The primary achievements of this research are as follows:

• Soil erosion in the northern foothills of the Qinling Mountains is predominantly characterised by moderate and gentle erosion. In 2023, the average soil erosion modulus is 233.515 tonnes per square kilometre per year, resulting in a total soil erosion amount of 85,233.046 tonnes per year. Between 2018 and 2023, there has been an improvement in the soil erosion situation in the northern foothills of the Qinling Mountains. Both the area affected by erosion and the intensity of erosion have shown a consistent decrease. The process of soil erosion, specifically of moderate and higher grades, has progressively moved from the research area’s northeastern and southwestern sections to the northern foothills’ western region. The centre region displays reduced soil erosion, predominantly characterised by minimal and moderate erosion.

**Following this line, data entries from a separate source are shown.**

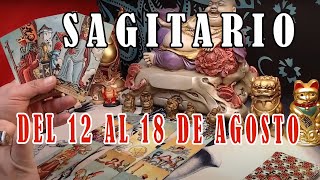 SAGITARIO ♐️ TU PODER Y DINERO CRECEN COMO NUNCA AHORA NADIE TE PARA Y VERAN TU MEJOR VERSION [upl. by Marshal419]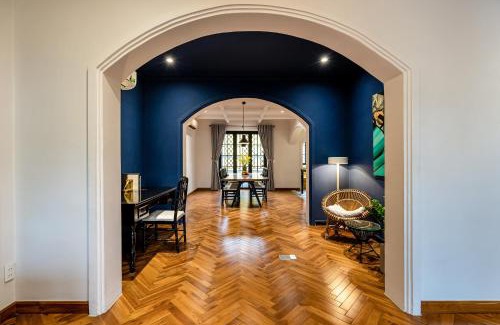 District 3 Apartment | Gorgeous Home in Saigon Center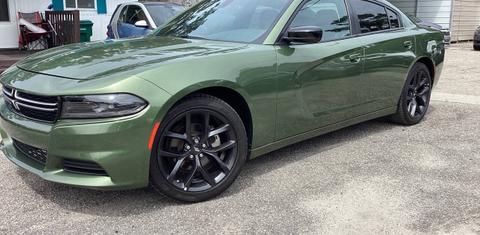 Dodge Charger 2022
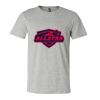 Unisex Heather CVC Jersey Tee Thumbnail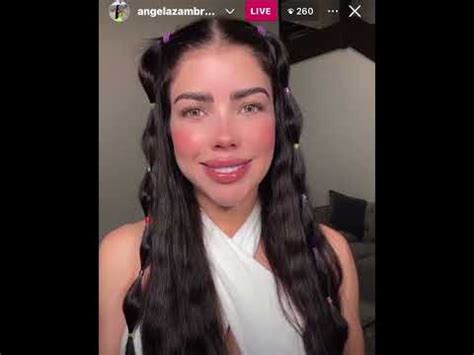 Pretty Latina Live YouTube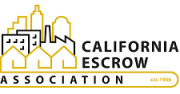 Member of California Escrow Association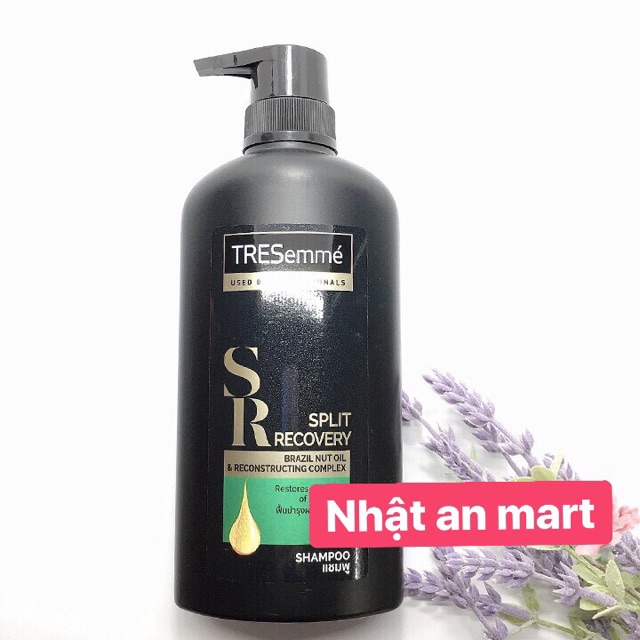 Dầu gội Tresemme phục hồi hư tổn cho tóc 450ml Thái Lan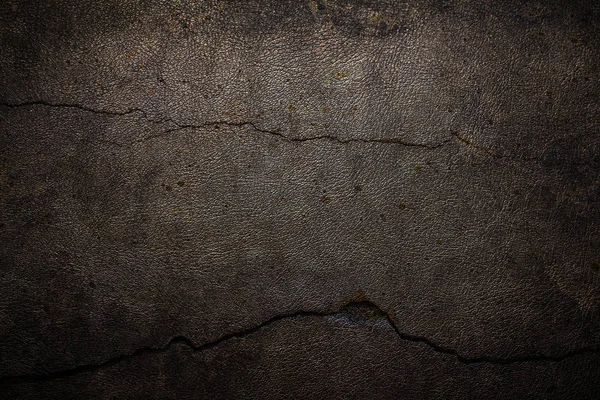 Цементный фон с потрескавшейся кожей — стоковое фото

• Topographic features, including height and slope, strongly influence soil erosion in the northern foothills of the Qinling Mountains. The soil erosion area in the study region has a declining tendency on both sides as elevation increases, primarily due to variations in slope. The centre area, characterised by slopes ranging from 15° to 25°, experiences the most significant decrease in soil erosion. The concentrated region for erosion, which plays a significant role in soil erosion prevention and control, has been discovered to have an elevation range of 500–1500 m and a slope range of 15°–25°. The river valleys and mountain basins are the main areas affected by soil erosion in the northern foothills of the Qinling Mountains. In these areas, the soil erosion modulus is higher, while the slopes of the mountains show a gradual decrease in soil erosion. In the Heihe River Basin, 29.49% of the erosion quantity in the entire region is attributed to biodiversity conservation and habitat units. The Laohe River Basin exhibits the highest soil erosion modulus, measuring 20.620 t/(km²·a), underscoring the importance of implementing soil and water conservation measures and habitat restoration initiatives in this region.
• The main land use categories contributing to soil erosion in the northern foothills of the Qinling Mountains are forests, grasslands, and cultivated land. The erosion occurring on cultivated land and woods at a small scale is diminishing, and there is a declining tendency in erosion at other levels. In grasslands, there is a rising pattern in both micro-scale and severe erosion, while other levels of erosion show a declining tendency.

Measures such as hierarchical coordination, timely storage, and sand interception can ensure ‘sufficient water quantity and clear water quality,’ and the measures are based on the priority identification and ranking of erosion modulus and erosion quantity and the results of rainfall-runoff forecasting. It will be of great significance for biodiversity conservation, soil and water conservation, and habitat quality restoration in watershed systems.